I recently finished a clock for my brother. I wiped the sawdust off with a rag and mineral spirits. I gave it ample time to dry and sprayed it with spar urethane. It left a lot of white spots or streaks on the wood. (Walnut) 
Should I not use mineral spirits to clean the wood before using spar urethane? What do you guys use to wipe off sawdust residue before putting a finish on it? Denatured alcohol, acetone or turpentine??


----------



## Tony (Jun 16, 2020)

Tom, I just use a microfiber cloth dry, seems to work really well at least for me.

Reactions: Thank You! 1


----------



## tomwilson74 (Jun 16, 2020)

I’ll give that a try. Really not a fan of tack cloths and try to stay away from them. I think they can leave a residue on the wood.


----------



## trc65 (Jun 16, 2020)

It wasn't the "green" low odor MS was it? Bought that once when regular was out of stock, had nothing but problems with it.

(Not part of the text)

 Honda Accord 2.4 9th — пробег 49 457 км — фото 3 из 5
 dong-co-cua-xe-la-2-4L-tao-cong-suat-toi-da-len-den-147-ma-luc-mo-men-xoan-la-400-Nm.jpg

If your shop space and finishing areas are separate, just use air to blow sanding dust off.

If I have to use a solvent, I use alcohol as it will dry quicker and cleaner than MS. The only thing I use MS for now is to clean brushes. I use naptha if I need to thin finishes.

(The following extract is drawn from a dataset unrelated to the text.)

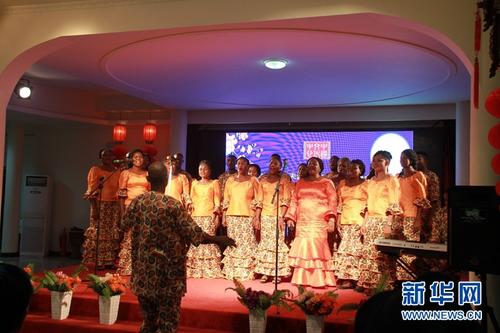 中国侨网尼日利亚首都合唱团表演合唱。新华网发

Reactions: Like 1 | Agree 1 | Useful 1


----------



## tomwilson74 (Jun 16, 2020)

It was that low odor stuff.

Reactions: Like 1


----------



## woodtickgreg (Jun 17, 2020)

tomwilson74 said:


> It was that low odor stuff.


That stuff is absolute garbage, I dont use it for anything. There's your problem. Regular mineral spirits is fine to use.

Reactions: Thank You! 1 | Agree 2


----------



## ripjack13 (Jun 17, 2020)

tomwilson74 said:


> I’ll give that a try. Really not a fan of rack cloths and try to stay away from them. I think they can leave a residue on the wood.


Ya gotta get the good ones though....



Tony said:


> Tom, I just use a microfiber cloth dry, seems to work really well at least for me.


Any special brand or place you get em from?


----------



## Echoashtoreth (Jun 17, 2020)

tomwilson74 said:


> I’ll give that a try. Really not a fan of rack cloths and try to stay away from them. I think they can leave a residue on the wood.



 Tony wasn't saying to use a tack cloth - he was saying use microfiber.... they are in the car waxing section in big packs now - grab dust like crazy but there is nothing on the cloth itself... and it's wash n reusable- there may be some in the house for dusting already...

Reactions: Like 1


----------



## tomwilson74 (Jun 17, 2020)

Yeah I know he wasn’t. I just thought I would put that in there just in case someone suggested tack cloths. Thanks.


----------